【台湾】景気楽観は46%に下落、米国商会調査[経済](2019/01/24)
米国の在台湾工商団体、台北市美国商会(AmCham、米国商会)は23日、会員企業を対象とした台湾のビジネス景況に関する調査「2019年商業景気調査(ビジネス・クライメット・サーベイ)」を発表した。これによると向こう1年の台湾経済の先行きを楽観する米国企業は45.8%で、前年(55.5%)から9.7ポイント下落した。
調査結果は11年から毎年公表しており、今年の調査は18年11月12日から12月21日にかけて、台湾でビジネス展開する米国を中心とした会員企業の代表にアンケート形式で実施。179社から回答を得た。
米国商会のレオ・シーウォールド会長は、「景況感が下落したのは、米中貿易摩擦や中国の台湾に対するさまざまな圧力、ネットセキュリティーを脅かすハッカーの出現などが要因」と説明。さらに、台湾は大胆なイノベーションを目指し、改革を進めながら、より大きな海外投資を呼び込み、高付加価値の就業機会を生み出すべきと提言した。

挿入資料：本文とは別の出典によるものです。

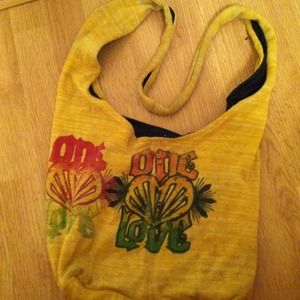 one love rasta colored bag w/ long shoulder strap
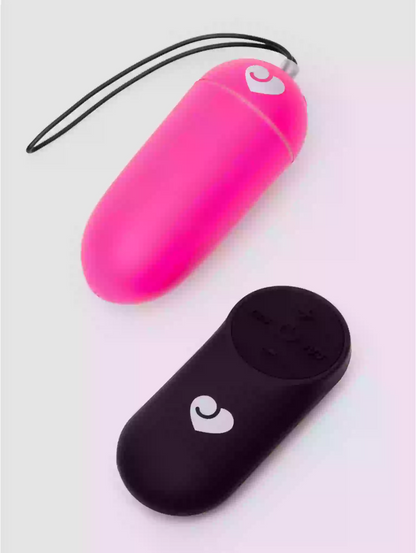 Pink and black silicone case with heart logo on a light gray background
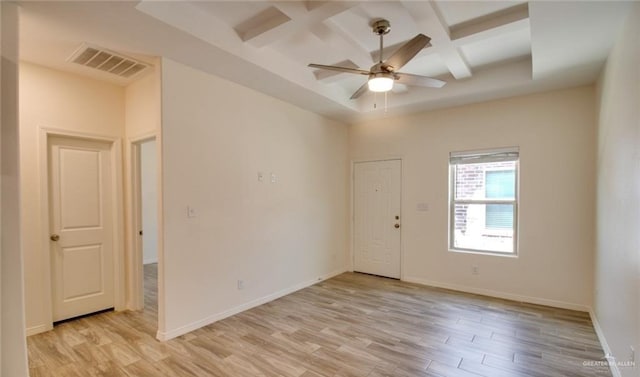 spare room featuring beamed ceiling, ceiling fan, light wood-type flooring, and coffered ceiling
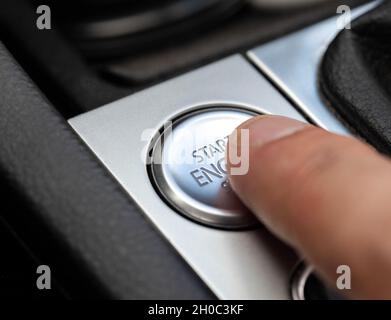 Le doigt de l'homme appuie sur le bouton de voiture moderne pour démarrer la voiture, macro.Technologie Banque D'Images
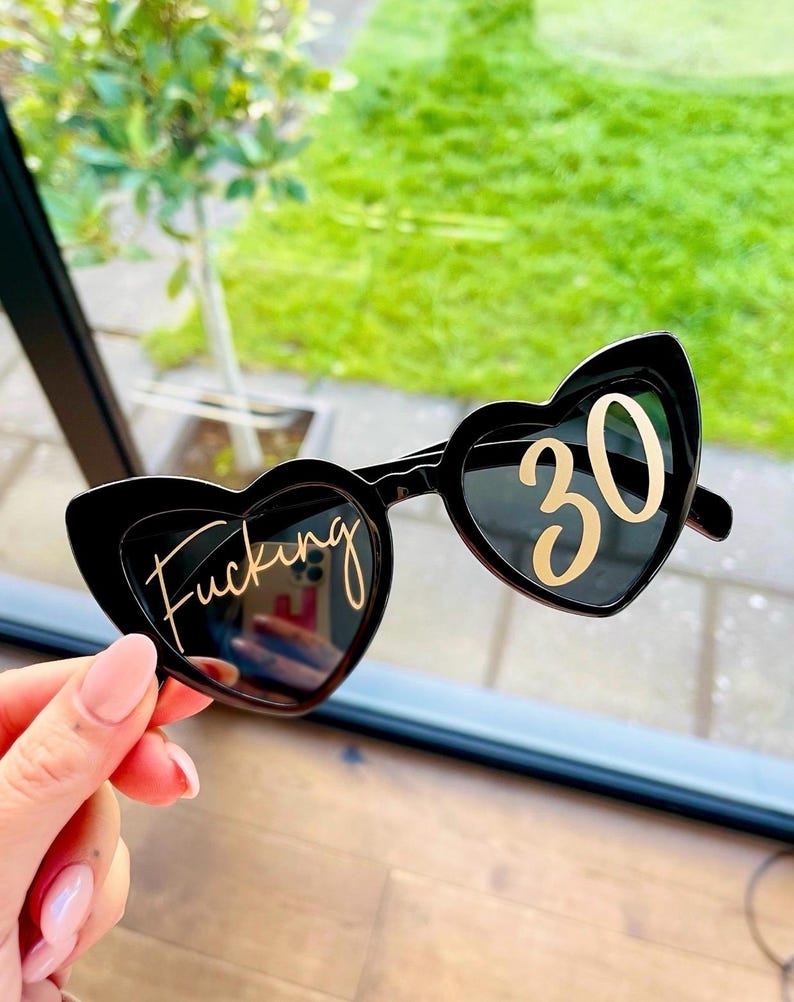 May include: Black heart-shaped sunglasses with the word "Fucking" in gold script on the left lens and the number "30" in gold on the right lens. The sunglasses are held up against a background of green foliage.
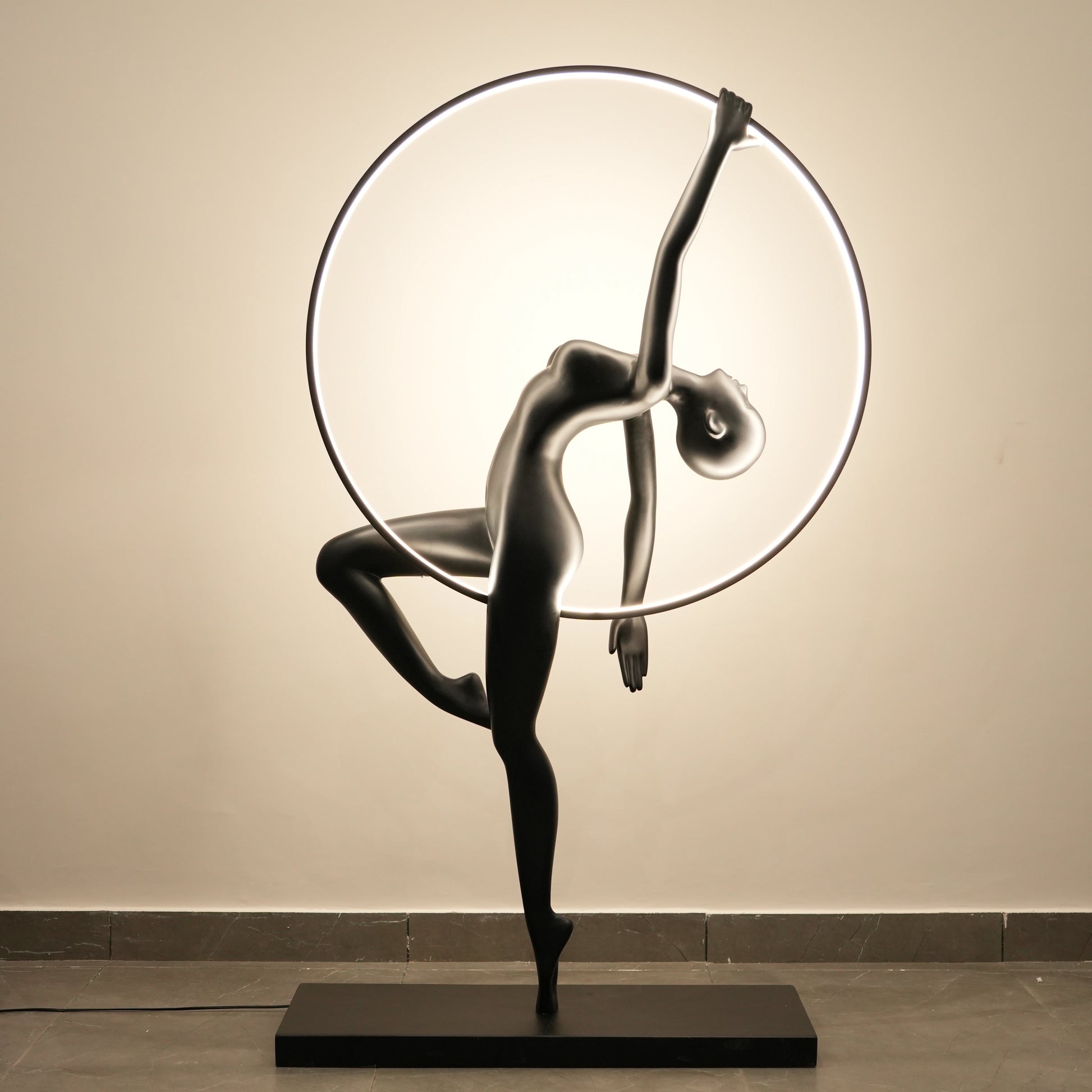 Matte black human form floor lamp with LED halo ring modern luxury ambient lighting decor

調査では、今後3年間の台湾経済の見通しを「楽観的」「やや楽観」と答えた会員企業の割合は53.6%で、前年から3.3ポイント上昇。約8割の企業幹部が、今後3年の企業の発展に自信を見せた。
■電力供給は87%が懸念
労務についての調査では、89%が「来年従業員を増やす」「現状を維持する」と回答。また、59.2%の企業が従業員の人数と能力に満足していることが分かった。

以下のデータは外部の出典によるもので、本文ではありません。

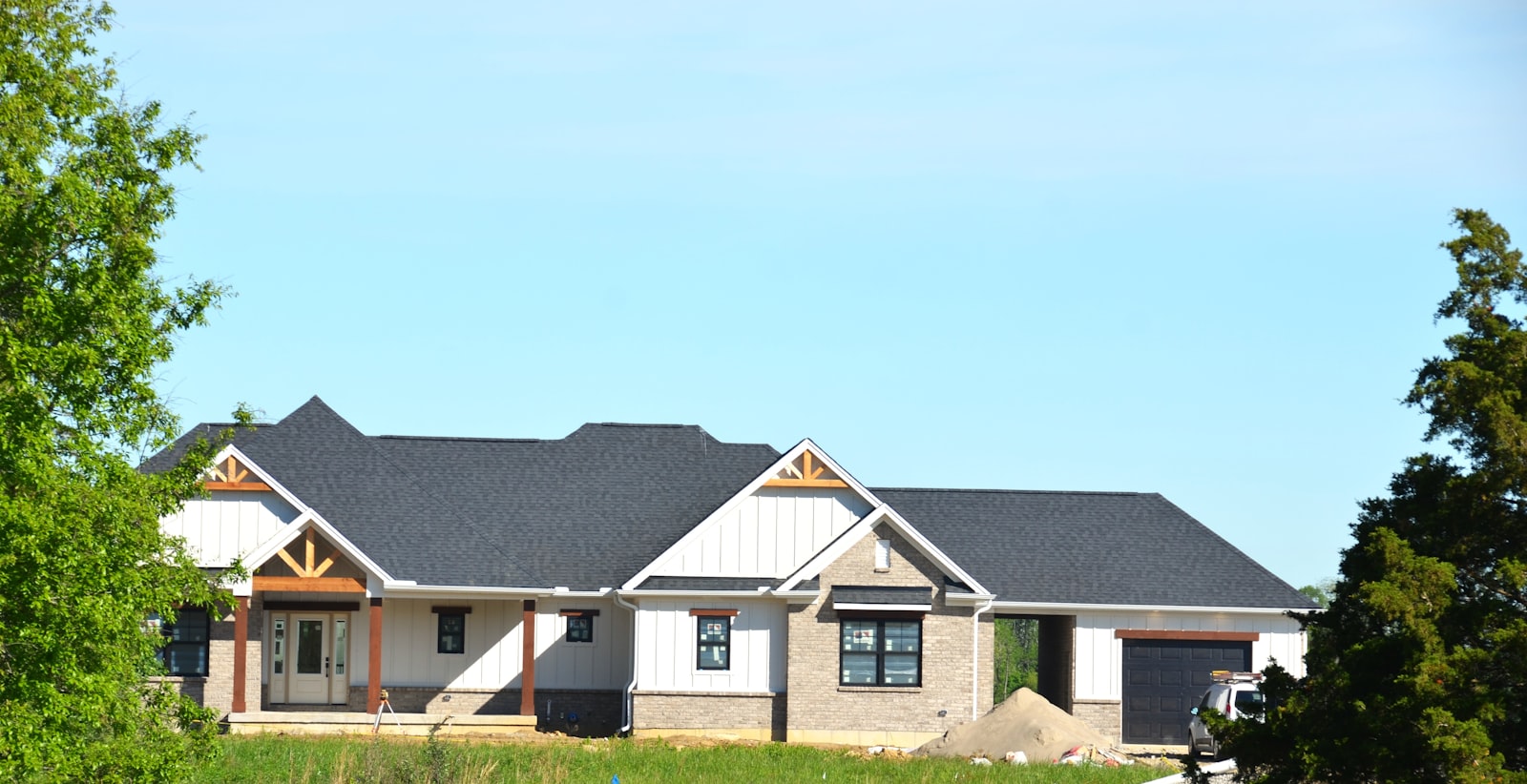 New home under construction with fresh framing and roof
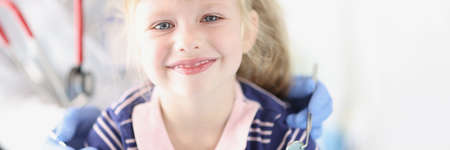 Little smiling girl sitting at dentist appointment
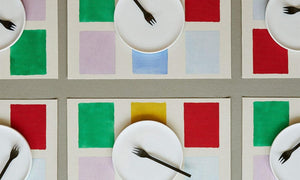 A picture from above of a dinning table with six placemats with colorful squares shapes. and six empty dessert plates with black modern forks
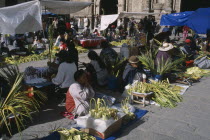 Women selling woven palm baskets and palm fronds outside San Francisco church for Palm Sunday.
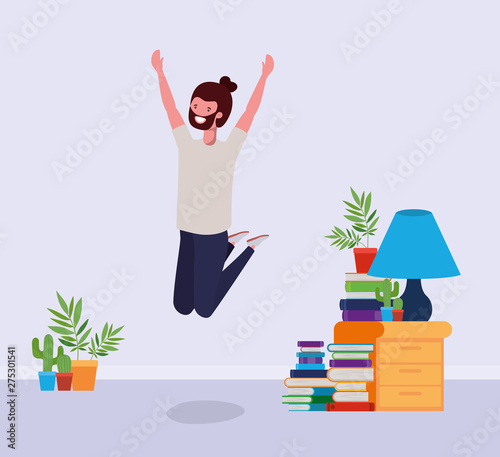 young man with beard jumping in the livingroom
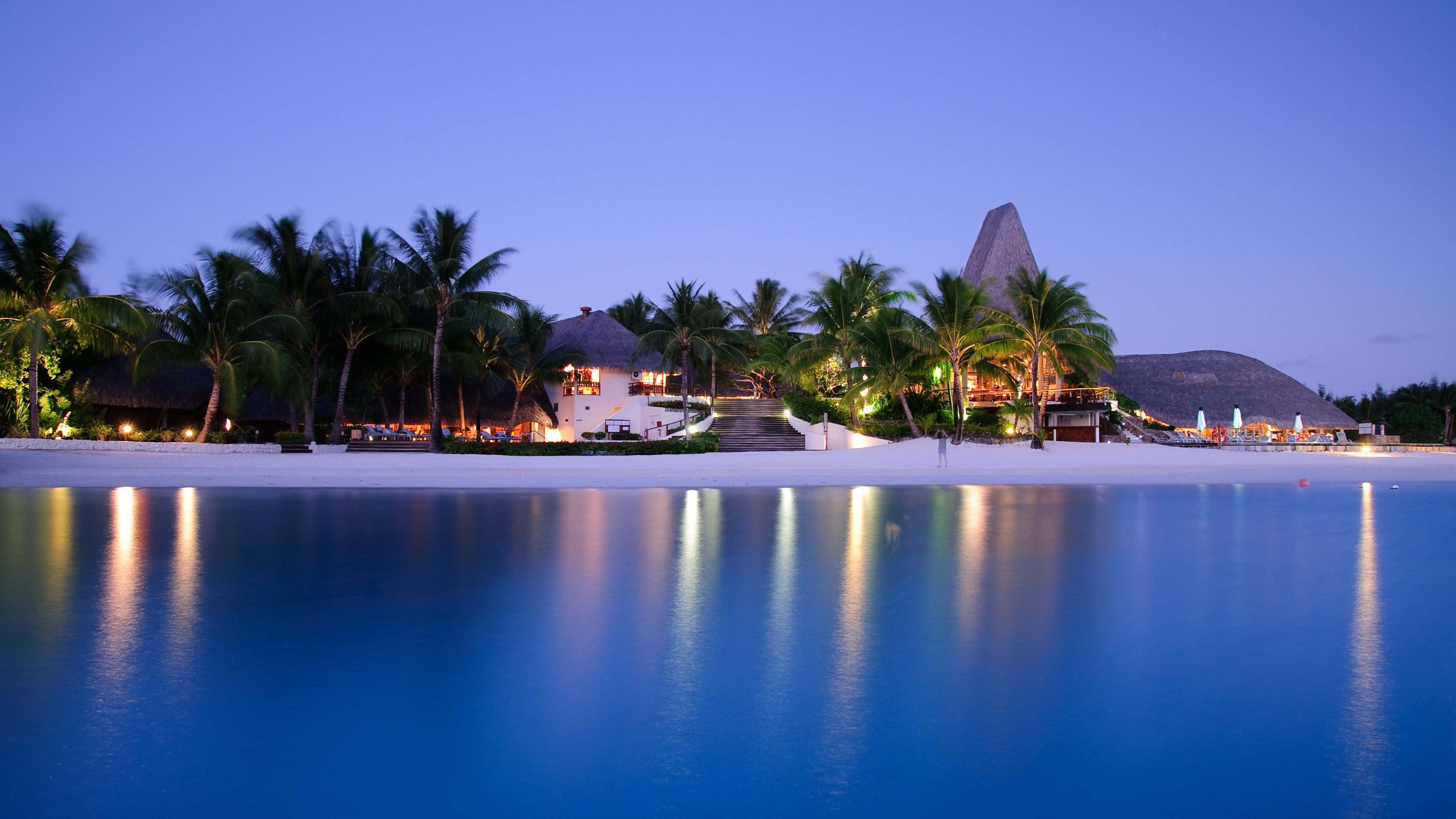 Bora Bora 桌布 壁紙 — 寧靜的黃昏度假村，棕櫚樹和茅草屋頂倒映在平靜的藍色海水中。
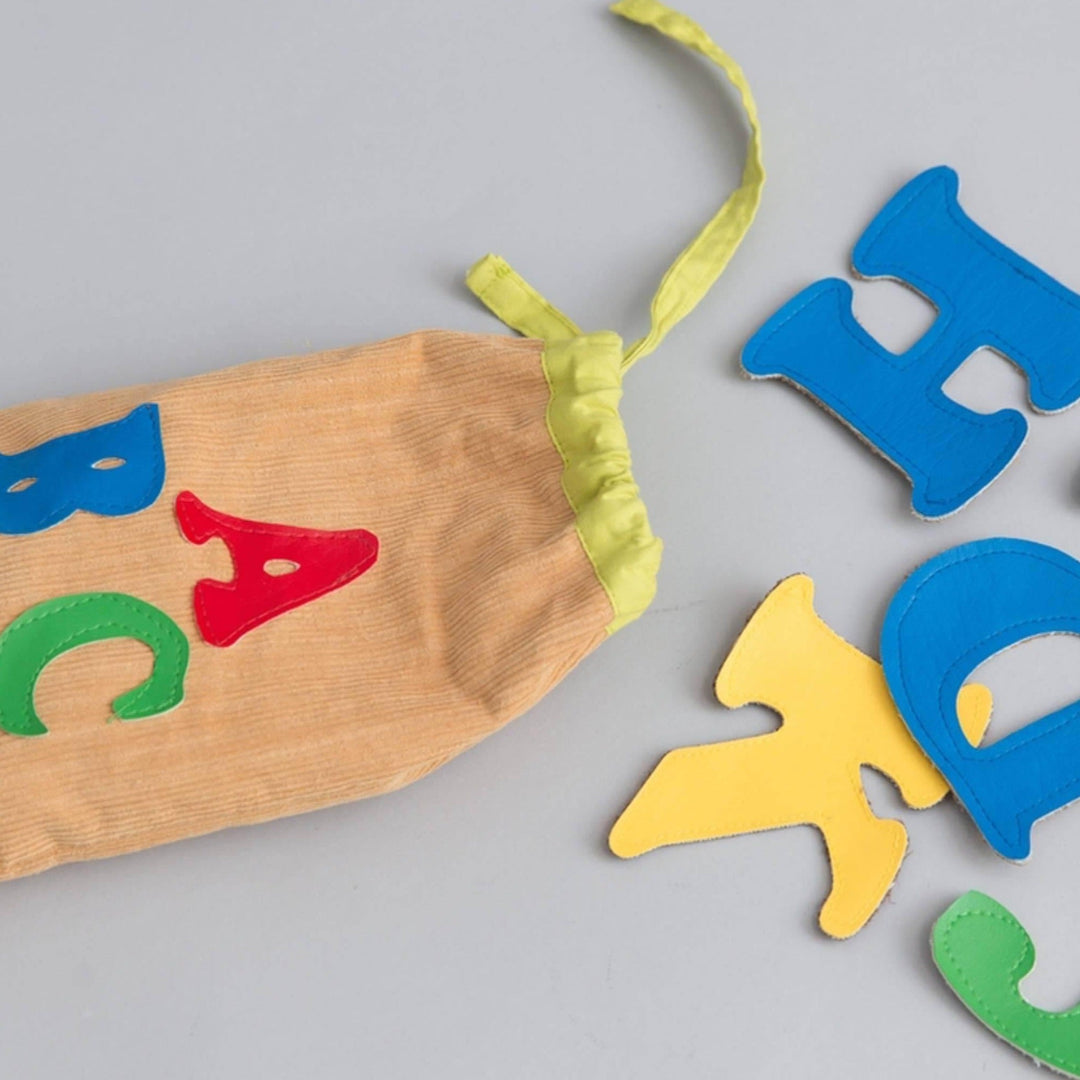 Colorful fabric alphabet letters scattered around canvas storage bag on wooden surface showing tactile learning toy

シーウォールド会長は、「人材は台湾の最も重要な資産の一つ」と強調。「いかに若者を引き込み、企業での成長機会を与えられるかどうかが、企業の発展にとって重要」と指摘した。さらに台湾は生活し仕事をするのに最適な場所だとし、個人の安全と社会の安定が確保できる点が優位性でもあると評価した。
このほか、全体の87.0%が電力供給について「懸念している」と答え、63.0%が「政府の『脱原発』目標が台湾での発展計画に影響を及ぼす」と回答した。また「政府高官の商業活動への重視度」では、59.0%が不満をもっていると答えた。